Auxiliary search functionality

The store can provide Search functionality if this is configured. By default, FailedPrecondition will be returned if no search backend exists. As of now, the only backend we support is Algolia, but we may add Mongo as well in the future.

If you check the implementation of Search in store.go and cache/cached_store.go, it is pretty much like List, but allows additional search phrases.

Since the search database is however additional to the main one, there is some problem to resolve: Syncing from the main database to search. This is an asynchronous process, and the Search query after Save/Delete is not guaranteed to be accurate. Algolia says it may even be minutes in some cases. Plus, this synchronization must not be allowed within transactions, because there is a chance search backend can accept updates, but the primary database not.

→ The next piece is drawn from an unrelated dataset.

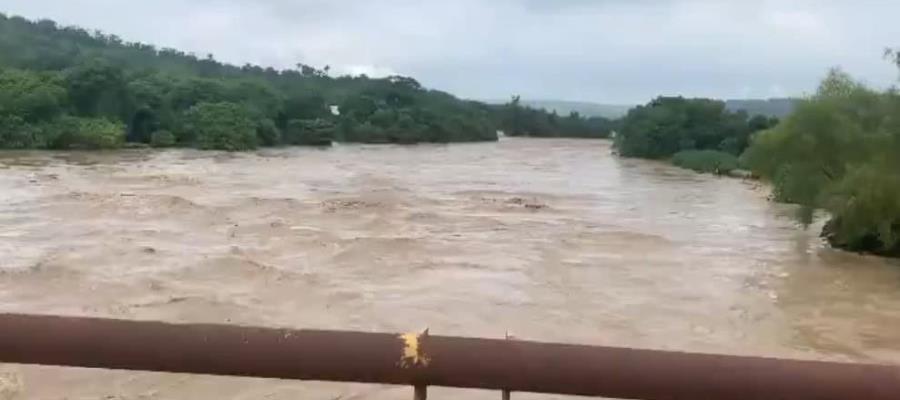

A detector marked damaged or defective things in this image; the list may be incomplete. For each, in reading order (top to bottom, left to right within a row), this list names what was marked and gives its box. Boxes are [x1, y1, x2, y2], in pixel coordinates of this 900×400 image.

The design decisions regarding search:

  • Updates to the search backend are happening asynchronously after the Store’s successful transaction.
  • Search backend needs separate cache keys (they are prefixed), to avoid mixing.
  • Updates to the search backend must be retried in case of failures because we cannot allow the search to stay out of sync for too long.
  • Because of potentially long search updates and, the asynchronous nature of them, we decided that search writes are NOT executed by Store components at all! The store does only search queries.
  • We dedicated a separate SearchUpdater interface (See store/search_updater.go file) for updating the Search backend. It is not a part of the Store!
  • The SearchUpdater module is used by db-controllers, which observe changes on the Store in real-time, and update the search backend accordingly, taking into account potential failures, writes must be retried.
  • Cache for search backend needs invalidation too. Therefore, there is a store/cache/search_updater.go file too, which wraps the inner SearchUpdater for the specific backend.
  • To summarize: Store (used by Server modules) makes Search queries, DbController using SearchUpdater makes writes and invalidates search cache.

Other store interface useful wrappers

To achieve a read-only database entirely, use the NewReadOnlyStore wrapper in with_read_only.go.

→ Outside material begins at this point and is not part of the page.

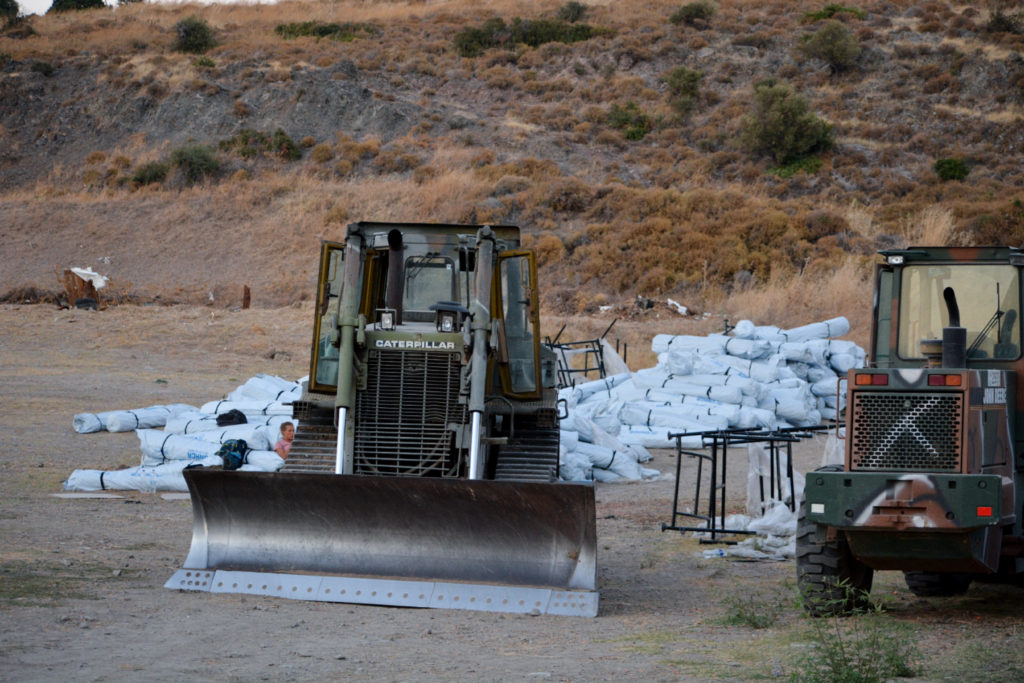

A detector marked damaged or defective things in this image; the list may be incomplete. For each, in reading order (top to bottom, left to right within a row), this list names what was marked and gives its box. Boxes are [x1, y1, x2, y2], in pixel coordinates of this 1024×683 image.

Normally, the store interface will reject even reads when no transaction was set (WithStoreHandleOpts was not used). This is to prevent people from using DB after forgetting to set transactions explicitly. It can be corrected by using the WithAutomaticReadOnlyTx wrapper in the auto_read_tx_store.go.

To also be able to write to a database without transaction set explicitly using WithStoreHandleOpts, it is possible to use WithAutomaticTx wrapper in auto_tx_store.go, but it is advised to consider other approaches first.

Db configuration and store handle construction

Store handle construction and database configuration are separated.

The store needs configuration because:

  • Collections may need pre-initialization.
  • Store indices may need configuration too.

Configuration tasks are configured by db-controller runtimes by convention. Typically, in main.go files we have something like:

senvstore.ConfigureStore(
    ctx,
    serverEnvCfg,
    v1Desc.GetVersion(),
    v1Desc,
	schemaclient.GetSchemaMixinDescriptor(),
    v1limmixinclient.GetLimitsMixinDescriptor(),
)
senvstore.ConfigureSearch(ctx, serverEnvCfg, v1Desc)

The store is configured after being given the main service descriptor, plus all the mixins, so they can configure additional collections. If a search feature is used, then it needs a separate configuration.

Configuration functions are in the edgelq/common/serverenv/store/configurator.go file, and they refer to further files in goten:

  • goten/runtime/store/db_configurator.go
  • goten/runtime/store/search_configurator.go

Configuration therefore happens at db-controller startup but in a separate manner.

Then, the store handler we construct in the server and db-controller runtimes. It is done by the builder from the edgelq repository, see the edgelq/common/serverenv/store/builder.go file. If you have seen any server initialization (I mean main.go) file, you can see how the store builder constructs “middlewares” (WithCacheLayer, WithConstraintLayer), and adds plugins executing various functions.